The sight of the armed men had discouraged many members of their army. But they vowed to burn the city anyway, hoping in the chaos they could rescue Caesar and flee. A week after the fire at the fort, they struck again, using the same technique—burning coals thrust under the eaves of a targeted house. Out of touch with the plotters, Clara was reduced to the status of a horrified spectator.
“Fire!” The cry crashed through her open window around noon on that cold March Wednesday. She followed the crowd downtown and found flames leaping from the Broad Street house of royal navy captain S. Peter Warren. With no wind and a prompt discovery, the fire engines and the bucket brigades managed to soak the roof and walls and contain the blaze in less than fifteen minutes.
A week later, the dreaded cry rang out again, around the same time of day. This time the blaze was in a big warehouse full of hay, fir, and pinewood, on the East River. There was no hope of saving the building. The flames were leaping a hundred feet above the roof when the firemen got there. Instead they worked frantically to douse the roofs and walls of all the buildings in the vicinity. Being close to the river helped. In an hour, the warehouse was a heap of guttering embers, but none of the nearby buildings caught fire.
This time, Malcolm Stapleton paid Clara a visit. “That fire in Van Zant's warehouse was set by someone,” he said. “It started in the roof,
just like the one at the governor's mansion and Warren's house. “Do you know who's doing it?”
“No,” Clara said. It was technically true. She had no idea exactly who was setting the blazes. It was probably a different slave each time—some—one who had access to the various premises.
“Do you have any idea? From what you said to me when the fort burned, you're in touch with some people who want to cause serious trouble. My bet is on some of the slaves who drink at Hughson's. Who are they, beside Caesar?”
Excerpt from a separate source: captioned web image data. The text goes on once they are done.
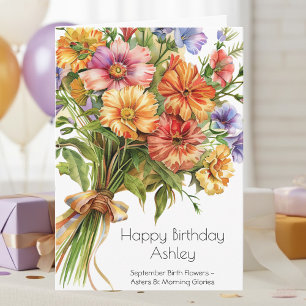 Tarjeta de cumpleaños de asteres, flor de nacimien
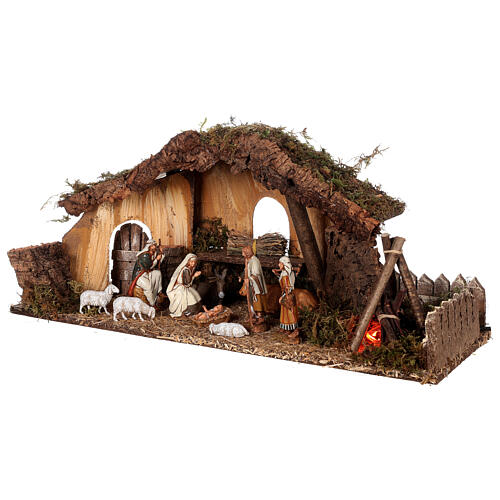 Nativity setting, stable with fire and fence 25x56x21cm 3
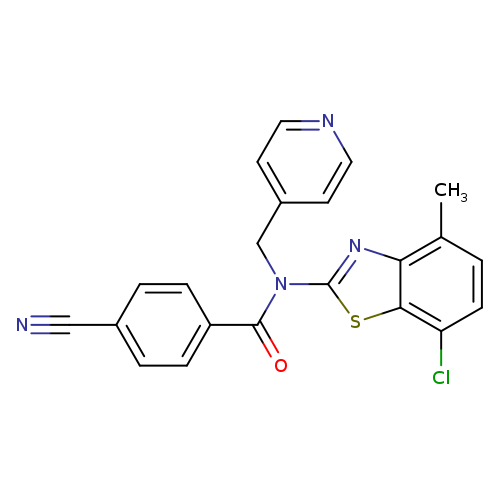 N-(7-chloro-4-methyl-1,3-benzothiazol-2-yl)-4-cyano-N-[(pyridin-4-yl)methyl]benzamide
“I won't inform! I won't have that on my conscience.”
“Clara—”
“Get out of my house.”
Upstairs, she fell on her knees before the Virgin's statue.
Tell me what to do, Holy Mother.
Silence. Was the Virgin telling her that her heart was still clotted with hate?
Three days later, another fire erupted in a cow shed at the foot of Maiden Lane. The frantic mooing of the cows alerted passersby and the blaze was extinguished in a few minutes. But there was evidence of someone hoping for a bigger conflagration. Hay had been piled almost to the ceiling and set on fire.
A half hour later, another fire burst from the upper windows of a private house only a few steps away from the cow shed. This too was quickly extinguished and the firefighters found unmistakable evidence of arson. Someone had put a hot coal beneath a straw mattress in the room, which was the sleeping quarters for the family's slave. He denied knowing anything about it. But for the first time, people began to wonder if the fires were being set by Africans. Memories of the 1712 uprising swirled to the surface of many minds.
A week later, the arsonists struck four times in one day. First a house, then a shop, then a stable, and finally another big warehouse on the East River burst into flames. The warehouse burned to the ground, but once more the surrounding buildings were saved, thanks to energetic use of the East River's water. This time a man who had climbed to the roof of a nearby warehouse saw an African run out a back door of the burning warehouse and disappear down the street. He recognized him as Cuffee Philipse.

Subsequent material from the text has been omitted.